**WHAT IS BEING ASKED:** Omit any picture, and return the remaining data exactly as written.

**DATA SHOWN:**
<<<<

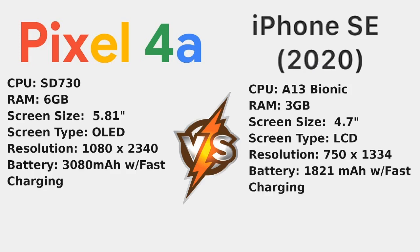Next up is the batteries. The Pixel 4a has a 3080 milliamp hour battery with fast charging, and the iPhone SE has a 1821 milliamp hour battery, also with fast charging — both at 18 watts, both able to charge about half the device in around 30 minutes. One key thing to note: you don't actually get the fast charger in the box with the iPhone SE, which is a bit of a shame — you do have to pay extra for it.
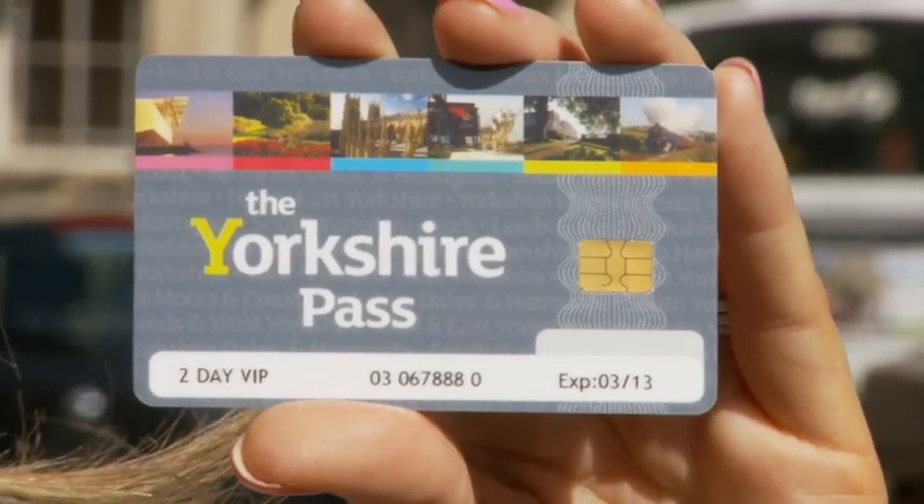If you'd like to find out about more of York's attractions, why not drop in at the Visit York Information Centre. Whilst you're here you can pick up the Yorkshire Pass, which gets you into more than 70 attractions across Yorkshire. If you'd like to find out more, you can do so on their website at www.yorkshirepass.com.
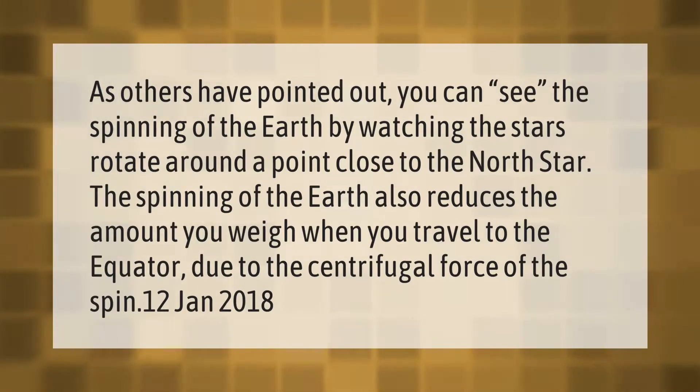The spinning of the Earth also reduces the amount you weigh when you travel to the equator, due to the centrifugal force of the spin.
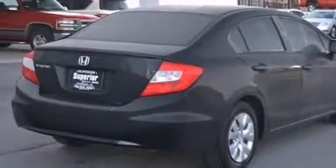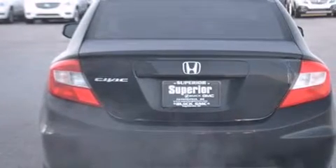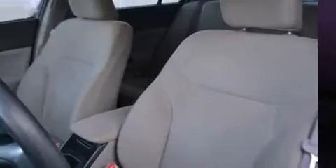Sensibility and practicality define the 2012 Honda Civic. With fewer than 25,000 miles on the odometer, this four-door sedan prioritizes comfort, safety, and convenience. It features an automatic transmission, front-wheel drive, and a 1.8-liter four-cylinder engine.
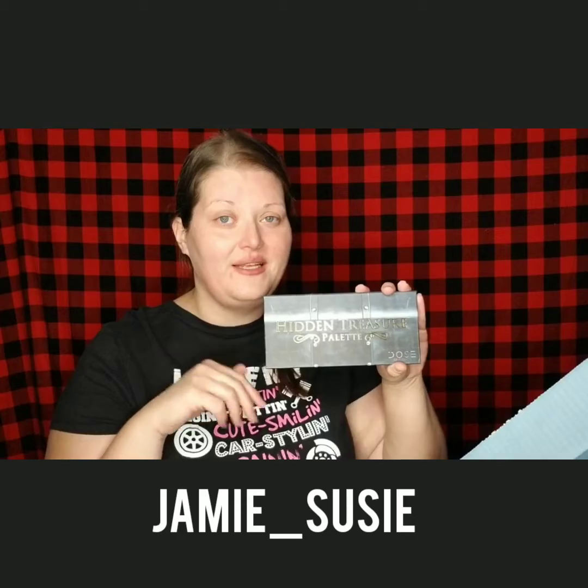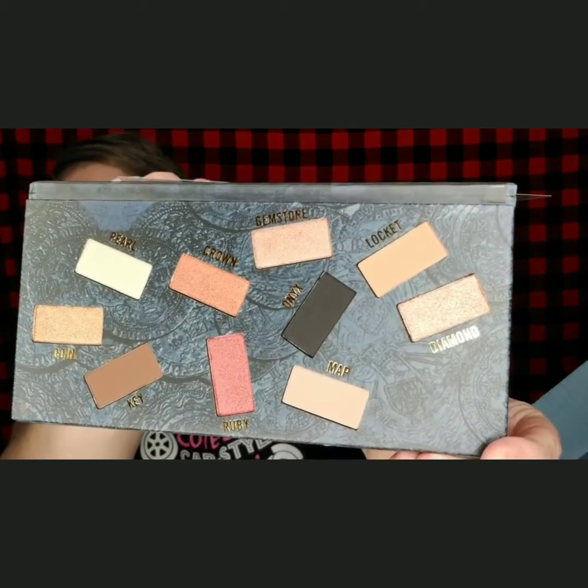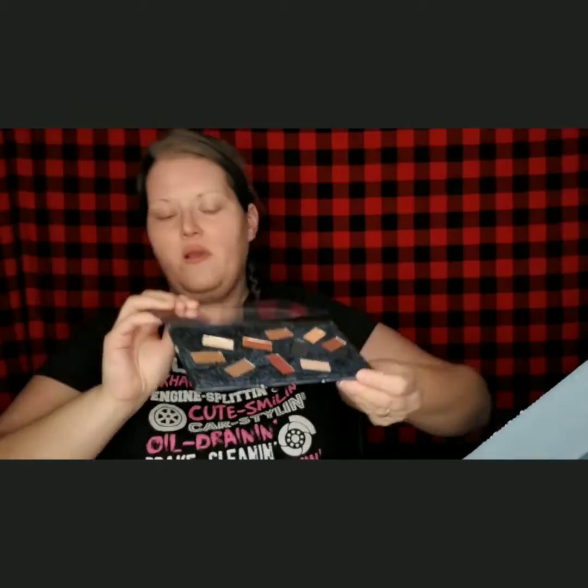Then I got the Hidden Treasure Palette by Dose of Colors. I actually have a contest up on my Instagram for this — head over to my Instagram, I'll put it down below. It's going until Saturday or Sunday. This is what the palette looks like — some really gorgeous colors. I'm just not keeping it because I have a lot of palettes with these colors, and I want somebody else to enjoy it. The Hidden Treasure Palette includes 10 eyeshadows, perfect for creating a smooth transition between color or a smoky effect. MSRP is $50.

>>>>

**TASK RESULT:**
Next up is the batteries. The Pixel 4a has a 3080 milliamp hour battery with fast charging, and the iPhone SE has a 1821 milliamp hour battery, also with fast charging — both at 18 watts, both able to charge about half the device in around 30 minutes. One key thing to note: you don't actually get the fast charger in the box with the iPhone SE, which is a bit of a shame — you do have to pay extra for it.
If you'd like to find out about more of York's attractions, why not drop in at the Visit York Information Centre. Whilst you're here you can pick up the Yorkshire Pass, which gets you into more than 70 attractions across Yorkshire. If you'd like to find out more, you can do so on their website at www.yorkshirepass.com.
The spinning of the Earth also reduces the amount you weigh when you travel to the equator, due to the centrifugal force of the spin.
Sensibility and practicality define the 2012 Honda Civic. With fewer than 25,000 miles on the odometer, this four-door sedan prioritizes comfort, safety, and convenience. It features an automatic transmission, front-wheel drive, and a 1.8-liter four-cylinder engine.
Then I got the Hidden Treasure Palette by Dose of Colors. I actually have a contest up on my Instagram for this — head over to my Instagram, I'll put it down below. It's going until Saturday or Sunday. This is what the palette looks like — some really gorgeous colors. I'm just not keeping it because I have a lot of palettes with these colors, and I want somebody else to enjoy it. The Hidden Treasure Palette includes 10 eyeshadows, perfect for creating a smooth transition between color or a smoky effect. MSRP is $50.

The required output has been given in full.